The Sunday Times and the Scarfe cartoon

The day after acting Sunday Times editor Martin Ivens was obliged to apologise to the Jewish community for the offence caused by Gerald Scarfe’s anti-Netanyahu cartoon, there was generally a lot more heat than light shed on the subject.

A Scarfe cartoon is never pleasant, and this seemed designed to provoke a reaction. But in my view, one commentator got it right. The Jewish Chronicle’s comment editor Jennifer Lipman wrote a superb column for the Independent’s website which gives real balance and insight on the issue.

“What is anti-Semitic is always unpleasant, but what is unpleasant is not always anti-Semitic. That was my take on Gerald Scarfe’s now infamous cartoon,” she writes. Later on, she comes to the nub of the issue; I will quote the concluding paragraphs in full, as they are precise, and moving.

“The problem is the timing; publishing a cartoon castigating the Israeli Prime Minister on the one day the world has set aside to remember the Holocaust and its six million Jewish victims hardly screams of sensitivity.
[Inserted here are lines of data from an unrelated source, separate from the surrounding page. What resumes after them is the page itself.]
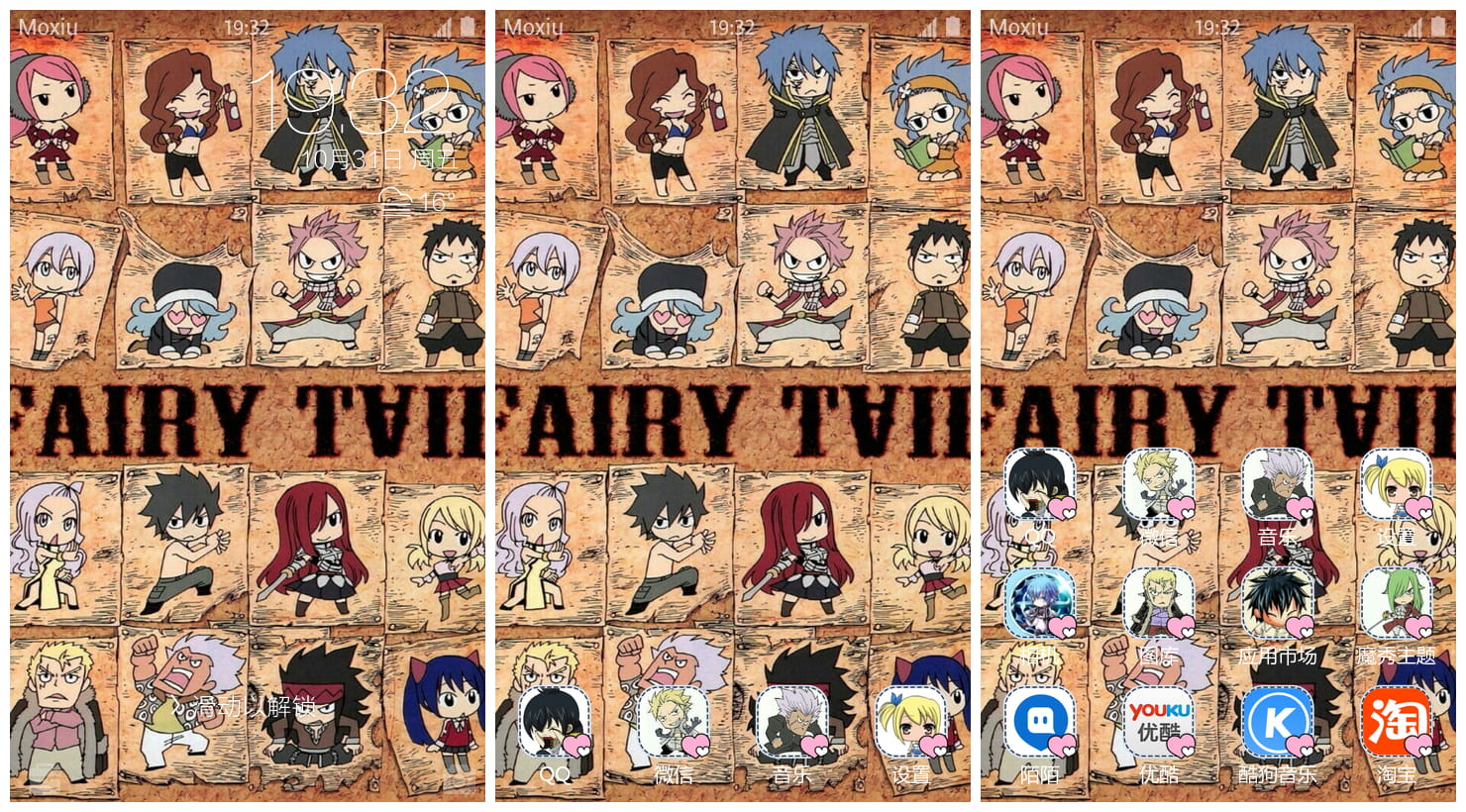 妖精的尾巴萌化手机主题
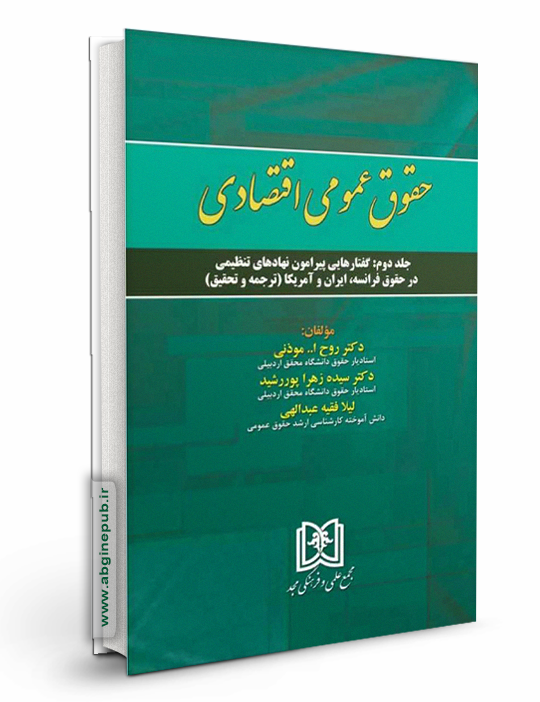 حقوق عمومی اقتصادی «گفتارهایی پیرامون نهادهای تنظیمی درحقوق فرانسه، ایران و آمریکا» جلد دوم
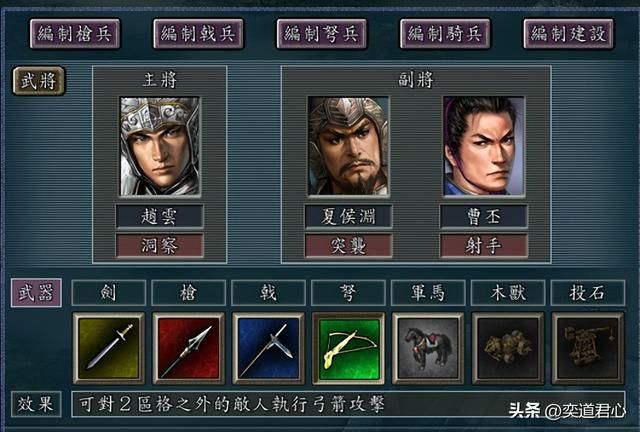 三国志11：赵云在长坂坡被围，曹操为何下令要留活口，组队太香！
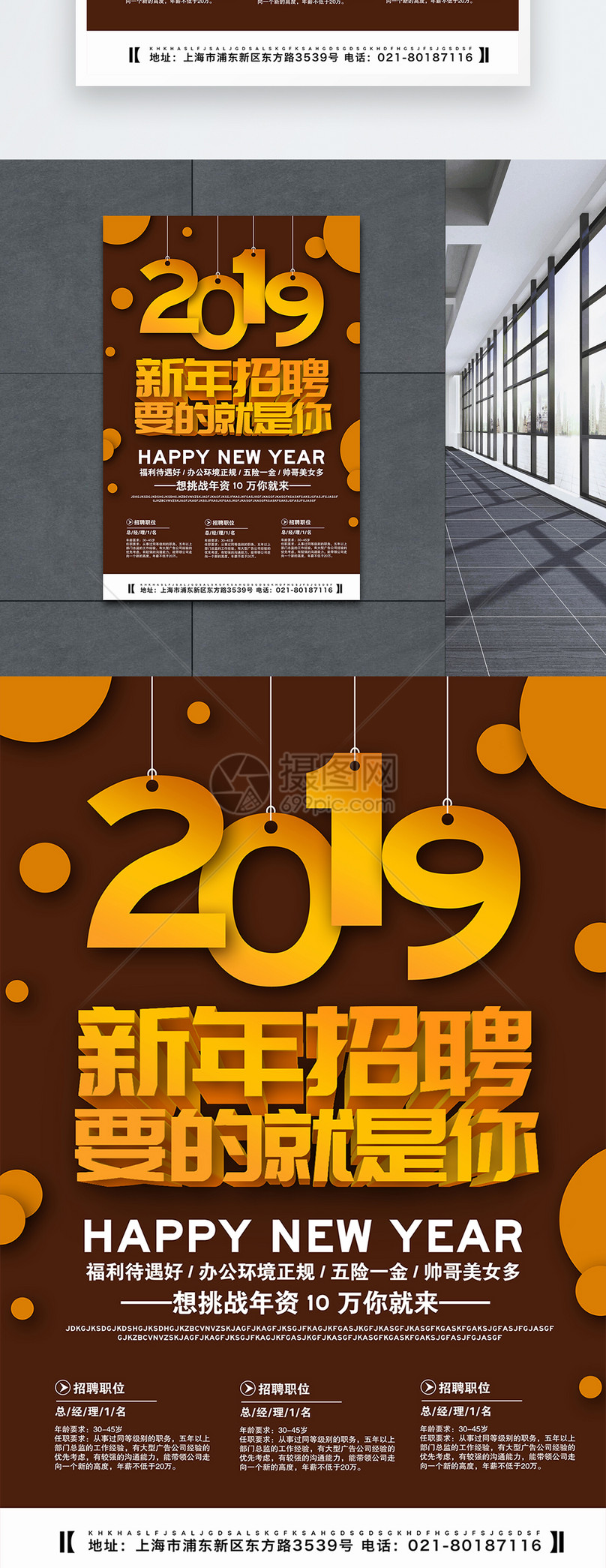 2019新年招聘会创意海报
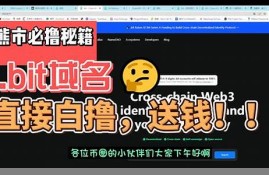 交易所充币和web3钱包的区别是什么意思(币圈web3.0是什么意思)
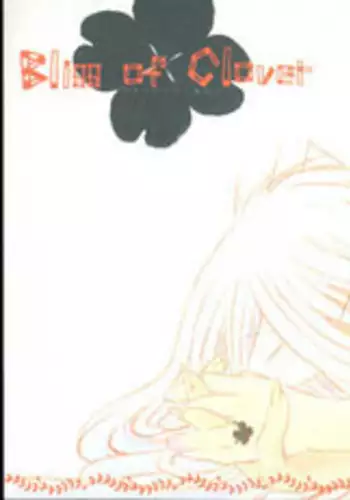 (C61) [Sakurakan (Seriou Sakura)] Bliss of Clover (Inuyasha)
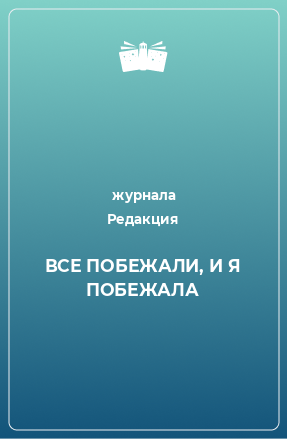 Книга ВСЕ ПОБЕЖАЛИ, И Я ПОБЕЖАЛА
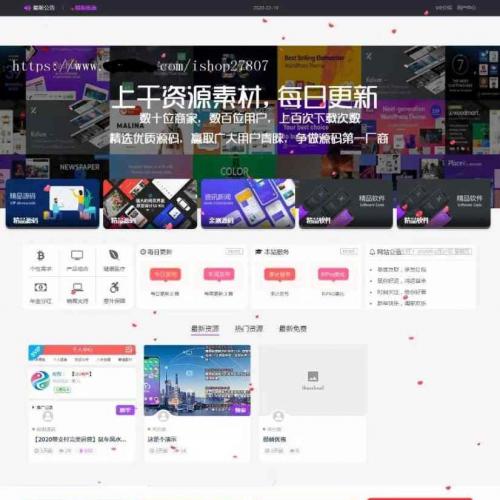 WordPressԴվԴriprov5.6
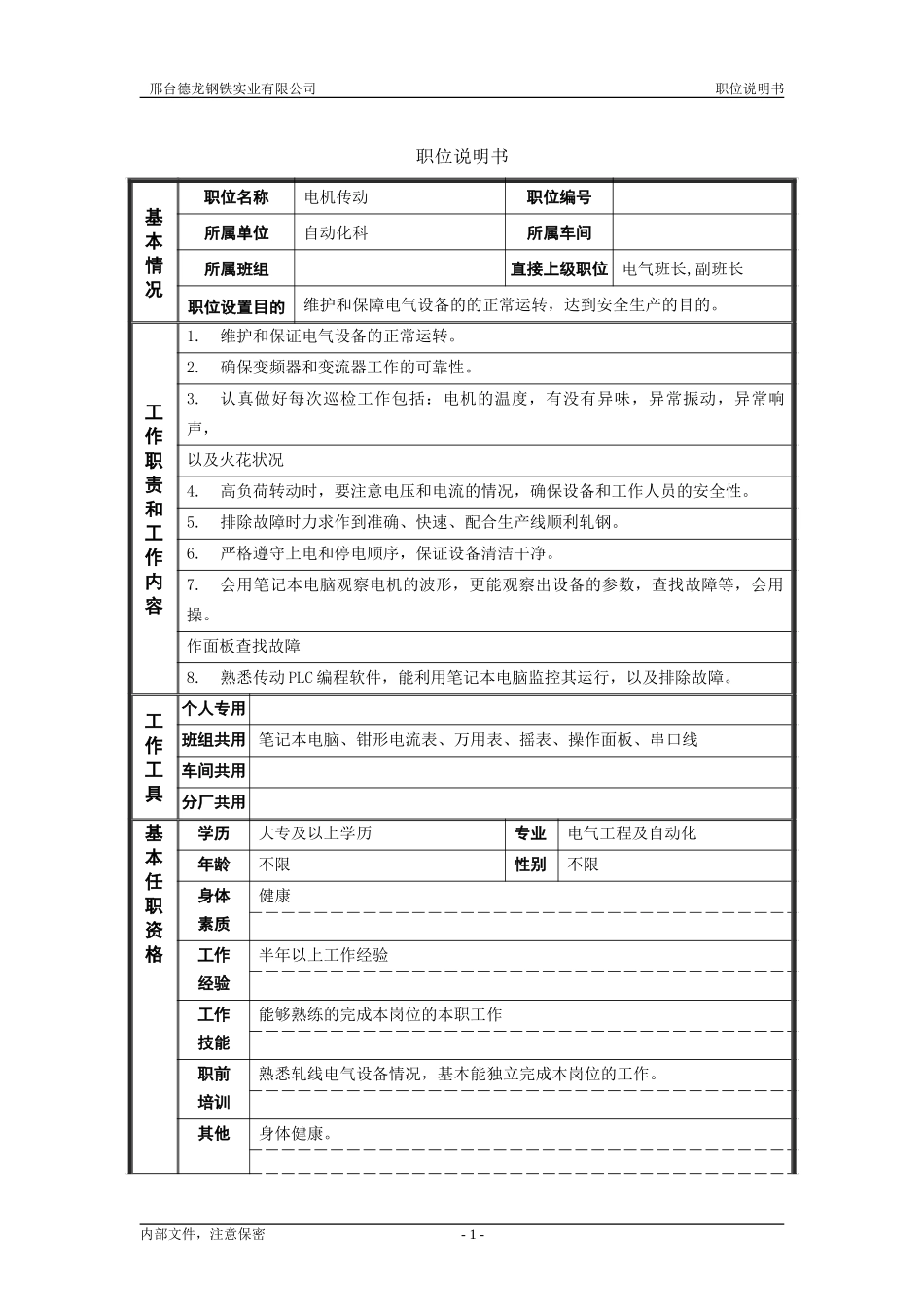 轧钢厂自动化科电机传动岗位职位说明书.doc_第1页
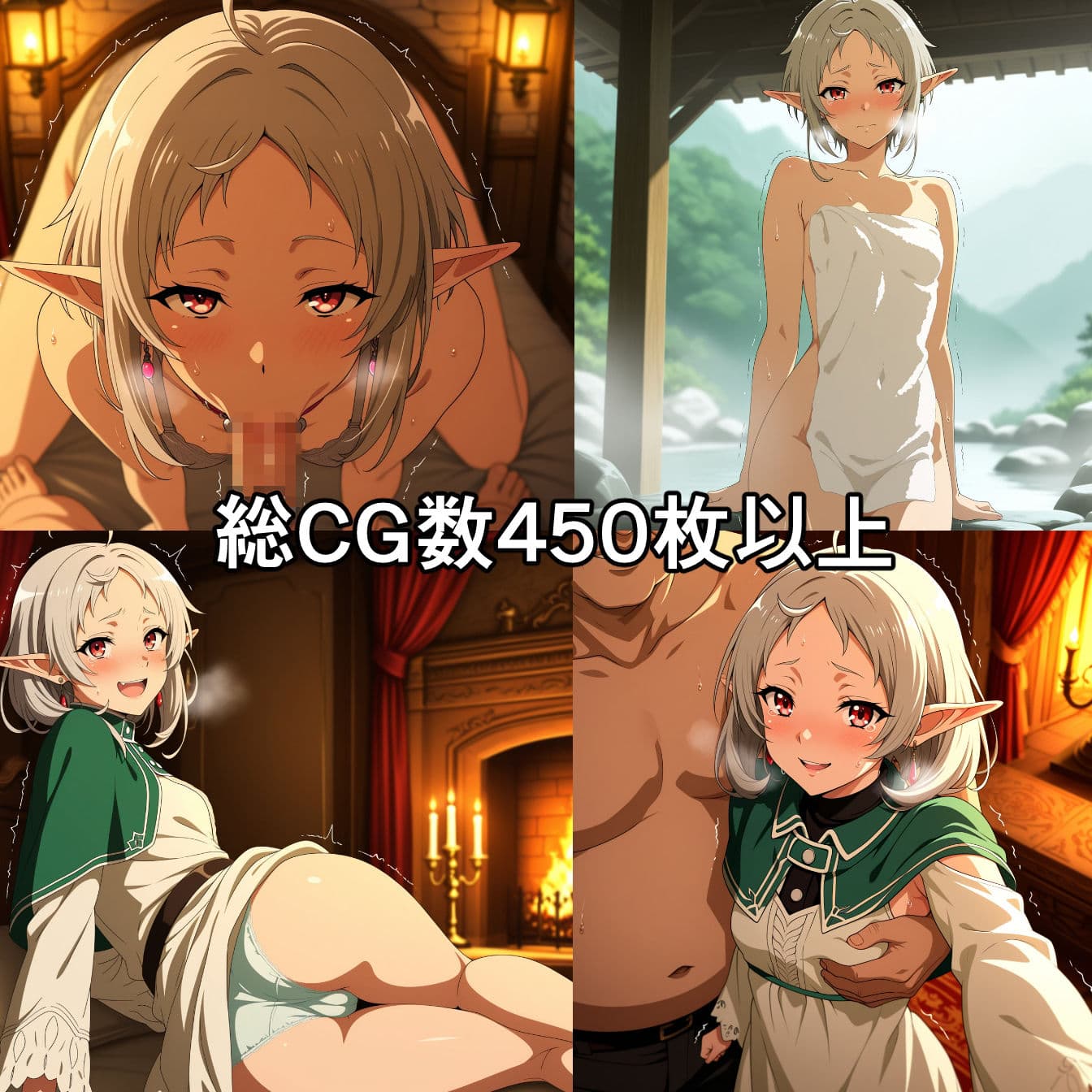 シル〇ィ NTR CG集 サンプル1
Scarfe may well not have known when the cartoon would appear, as he has claimed, but the editor could not have been blind to the date – after all, the paper’s explanation of the inclusion points to a feature criticising Holocaust-denier David Irving in the magazine of the same issue.

The point is that the Holocaust still means something. It is not just another news story, one tragedy among many, destined to become nothing more than tomorrow’s fish and chip wrapping.

“The Holocaust signifies humanity at its worst. It is not just a word, not just a useful comparison. It is millions of men, women and children shorn of all dignity, starved, denigrated and slaughtered. It is the brutal and systematic murder of millions, the persecution of an entire people for no reason other than their religion.

“And it is still in living memory for a good proportion of the population. For many of those objecting to the cartoon today, it is the tragedy of those ancestors they never met, the grandparents and relatives who were gassed at Birkenau or lined up for slaughter at Auschwitz, the friends and loved ones who did not make it out alive.

“And the day, the one day of the year, on which we recognise that and pledge for it never to be repeated is not just a convenient news hook, something for cartoonists or ignorant MPs to use as a peg for a point about the political situation in Israel or anything else.”

“When we allow a day of memorial for the victims of genocide to become a political tool, something has gone wrong. I do not believe the Sunday Times is in any way antisemitic, or that Gerald Scarfe is. But the cartoon is still deeply, deeply unpleasant.”

Ivens was wrong to publish the cartoon on Holocaust Memorial Day, and right to apologise for that.